2012年4月24日、温泉津まちづくりセンターで「温泉津と大久保石見守長安」と題して発表や講談がありました。雲龍氏の笛の演奏、東京八王子大久保長安の会の研究発表、講談師、神田織音さんの講談があり多くの人が聞きに来られました。長安は大人物です。以前から興味があり意識的に本や資料を集めていましたが、今回はとてもいい機会なので参加しました。
長安は関ヶ原の合戦で徳川方が勝利すると家康に任命されて初代の石見銀山奉行として大きな貢献をした人で、家康に信頼され江戸幕府の経済の基礎を固めた人でもあり、大きな業績を残しながら、ある本によると死後墓を暴かれて磔にされ7人の子どもは切腹、親類縁者も処罰されています。密かに莫大な蓄財をしていたというのが定説になっていますが、証拠はなく幕府側が作り上げた「勝った側の歴史」としか思えません。
神田織音さんがどのように長安の死を講談に創作されるかとても興味がありました。生きのいい楽しい語りで観客を惹きつけられました。さーすが、と感心しました。表情も良かった。
最後は長安の死です。どうなるか?
病に伏せた長安を家康が見舞いにきます。長安は、自分は死によって家康の「くにつくり」に貢献したい、といいます。
なーるほど。それで題も「くにづくりの人」だったんだ。実際にくに作りの基礎を築いた人です。題もぴたり、です。でもやっぱり講談だな、と思いました。めでたく義理人情で閉める。

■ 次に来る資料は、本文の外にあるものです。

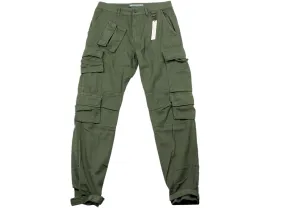 Reese Cooper Lightweight Cotton Cargo Pants in Forest Green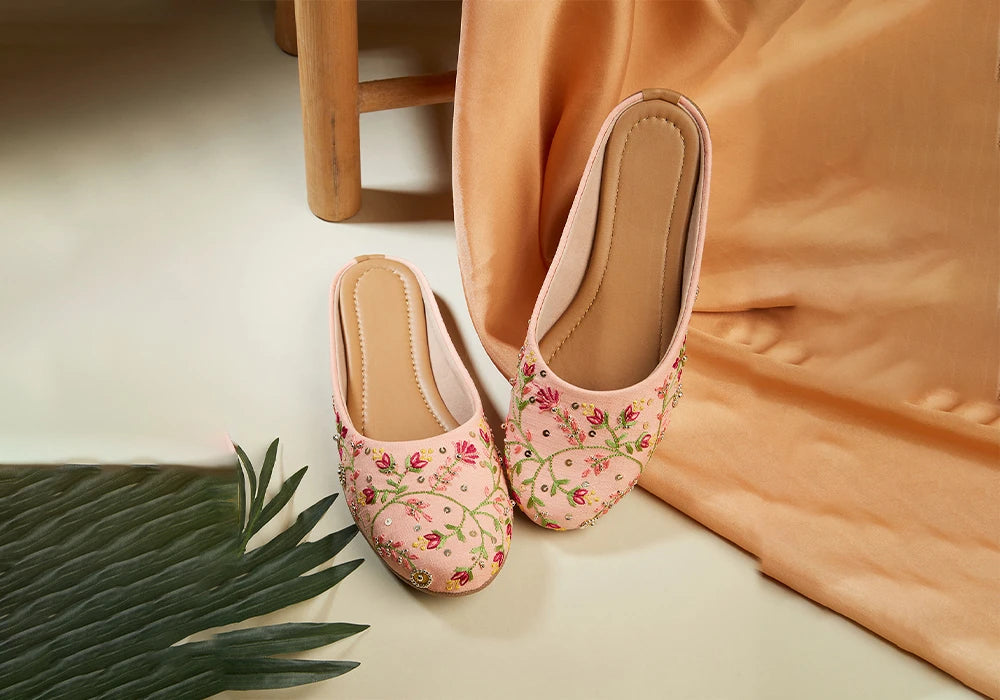 Blush Bloom Pink Embroidered Jutti 1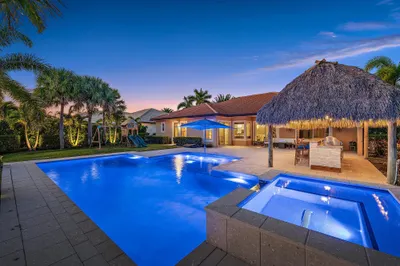 112 Manor Circle 1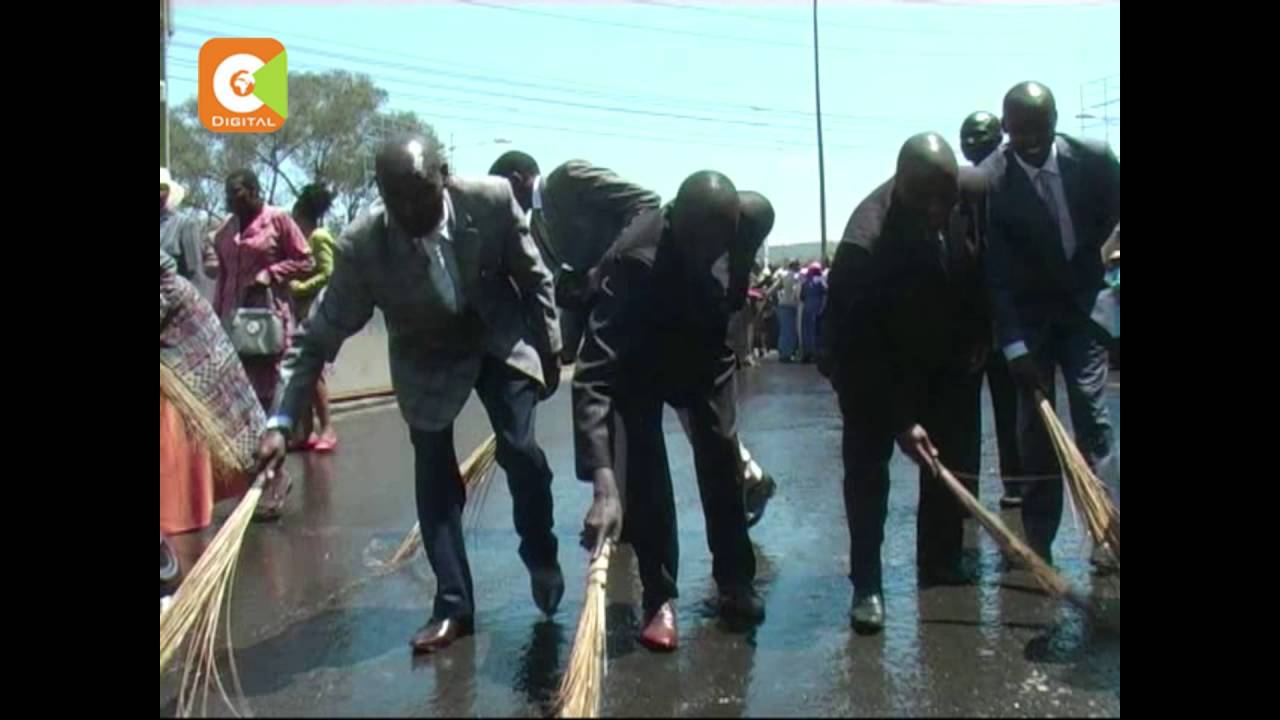 Followers of Prophet Owuor wash roads with soap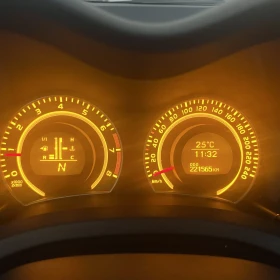 Обява за продажба на Toyota Auris 1.6  ~10 990 лв. - изображение 5
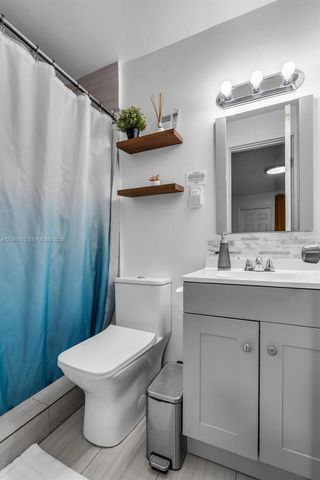 801 NW 17th Court, Miami, FL 33125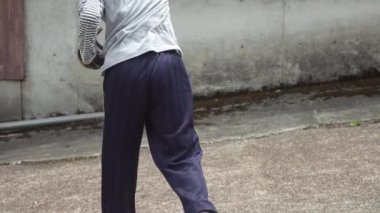 Duvara çarpan bir çocuğun görüntüsü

長安が原野に近かった八王子に計画的に作った街はいまも残っているそうです。温泉津では宅地税を無税にして、さびれていた温泉津に人を呼び込み家を建てさせ貿易港として繁栄させました。政治、経済、社会のことがよく分かり、人心をつかむ才能があり、土木や冶金などの科学的な知識もあり、企画力や実行力にも秀でていた人に違いありません。
飛び抜けた力を持つ人物は動乱期には重宝されますが、体制が安定し確実に維持していく場合には邪魔者になるのです。いつか劇や小説にしてみたい衝動に駆られます。
八王子の「大久保長安の会」が作られた資料もいただきました。大田では手に入らない貴重な資料です。ありがとうございました。
平成25年は長安の没後400年とか。八王子では色々な企画を考えておれれるようです。成功を祈ります。